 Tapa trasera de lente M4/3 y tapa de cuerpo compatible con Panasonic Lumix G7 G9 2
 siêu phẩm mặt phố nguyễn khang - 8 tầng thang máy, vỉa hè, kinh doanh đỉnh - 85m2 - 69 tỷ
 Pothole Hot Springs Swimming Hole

+++

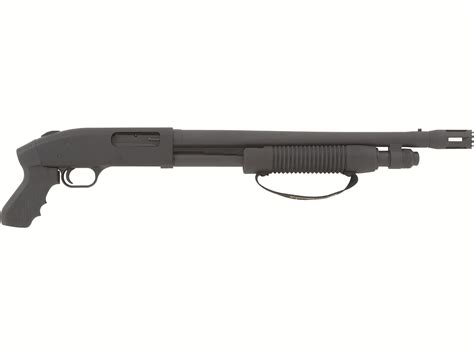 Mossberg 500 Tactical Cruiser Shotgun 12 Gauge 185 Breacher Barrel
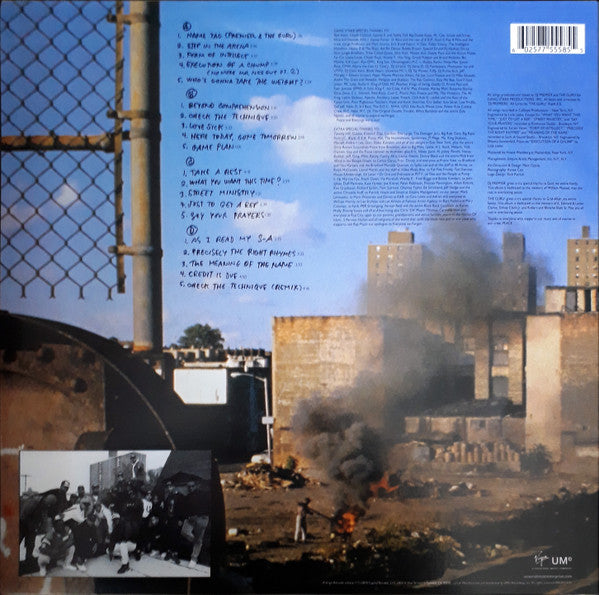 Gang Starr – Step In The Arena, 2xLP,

+++

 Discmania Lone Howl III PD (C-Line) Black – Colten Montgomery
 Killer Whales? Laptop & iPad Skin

+++

In the listing above, find the line with "Tapa trasera de" and the line with "Pothole Hot Springs Swimming Hole". Output those two lines and every line between them, exactly as written.

__Exercise result__
 Tapa trasera de lente M4/3 y tapa de cuerpo compatible con Panasonic Lumix G7 G9 2
 siêu phẩm mặt phố nguyễn khang - 8 tầng thang máy, vỉa hè, kinh doanh đỉnh - 85m2 - 69 tỷ
 Pothole Hot Springs Swimming Hole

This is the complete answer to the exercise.